1.抗生物質の生合成マシナリー(設計図)の精密解析と物質生産への応用

 Streptomyces rochei 7434AN4 株は、2つのポリケチド抗生物質ランカサイジン・ランカマイシン(図1)を生産し, 線状プラスミド pSLA2-L (200 kb), -M (100 kb), -S (17 kb) をもつ。 これまでの研究によって, 2つの抗生物質生合成に関与する遺伝子群は pSLA2-L 上にコードされていることがわかった。 当研究室でpSLA2-L の全塩基配列決定を完了し, 全長が 210,614 bp 143 個の ORF をもつことが明らかになった。 その上にはランカサイジンとランカマイシンの2つのタイプIPKS遺伝子群に加えて, 構造未知のタイプ II PKS 遺伝子群, カロテノイド生合成遺伝子群, そして多くの制御遺伝子などが見つかった。この pSLA2-L はその全長の 3/4 を2次代謝関連遺伝子が占めるという極めて特異的な線状プラスミドである(図2)。さらに、ランカサイジン・ランカマイシンはともにタンパク合成阻害剤として作用するが、両者の共存によりリボソーム構造が変化し、抗菌シナジー効果を有することがAda Yonath博士らとの共同研究により明らかとなった。


 

 ランカサイジンは図1に示したように6員環ラクトンを環内に含む, 炭素−炭素結合による特異な17員環構造を有しており, 従来のマクロライド系抗生物質とは全く異なる化学構造である。その化学構造の新規性から活性発現のメカニズムおよび生合成起源に大いに興味が持たれている。我々は、ランカサイジン生合成に注目して、(1) 炭素炭素結合による大員環形成機構、(2) ポリケチド鎖伸長におけるモジュール・反復混合型PKSの存在、などを明らかにしてきた。

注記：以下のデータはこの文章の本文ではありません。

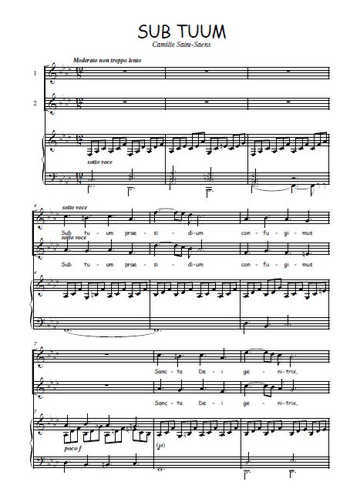 Téléchargez l'arrangement de la partition de Camille-Saint-Saens-Sub-tuum en PDF pour Chant et piano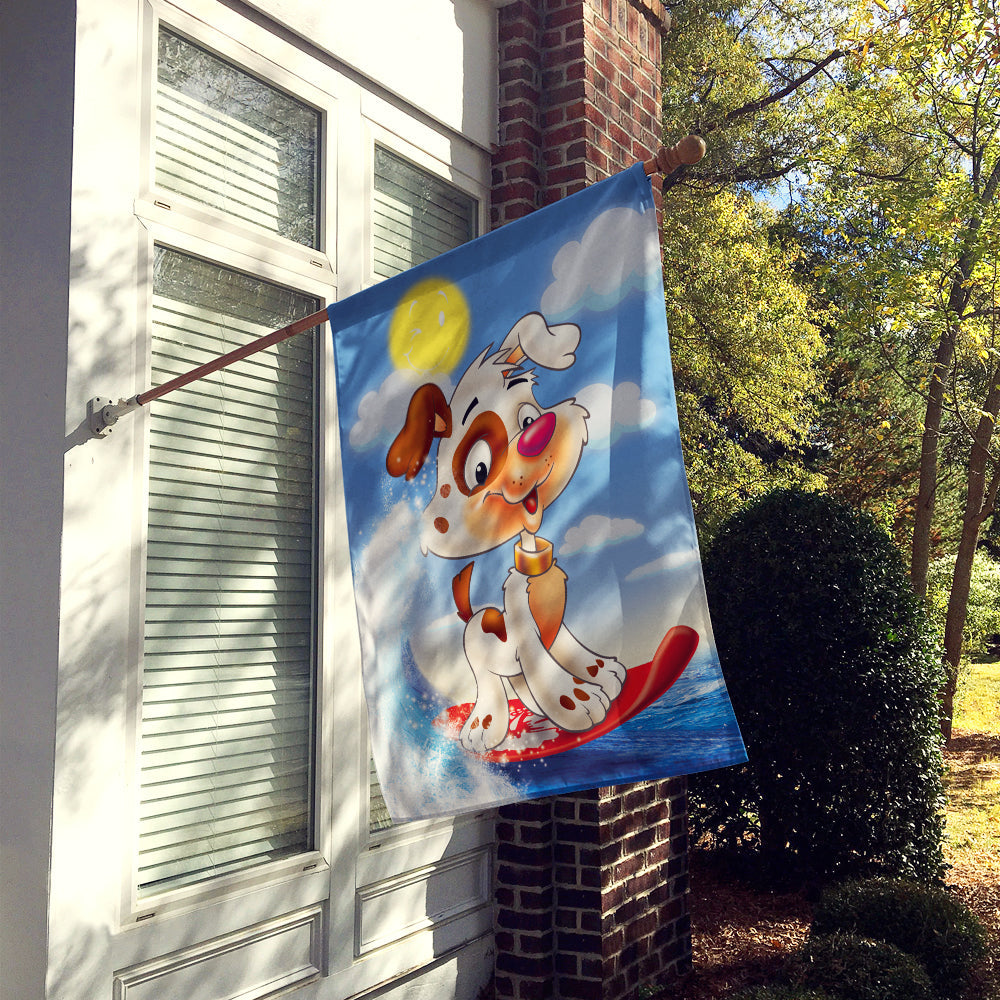 Dog Water Skiing House Flag 28x40 Porch Sleeve Pole Decorative Outside Yard Banner Artwork Wall Hanging, Polyester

 我々は、遺伝子破壊株の構築及びそれから得られる代謝産物の解析を研究手法の軸としている。本課題では、生物有機化学・遺伝学・生化学・分子生物学を駆使して総合的に解析を行い, ランカサイジンの特異なポリケチド生合成マシナリーの全容解明を目指して研究を行っている。加えて14員環マクロライド化合物ランカマイシン, type-II PKS 遺伝子群, カロテノイド生合成遺伝子群, さらには染色体上にコードされた特異二次代謝生合成マシナリーについても解析を行っている。

 この研究を足がかりにして遺伝子改変などによる革新的新規抗生物質創製への応用, さらには二次代謝遺伝子群が線状プラスミドに密集して形成されたメカニズムに関しての知見も得たいと考えている。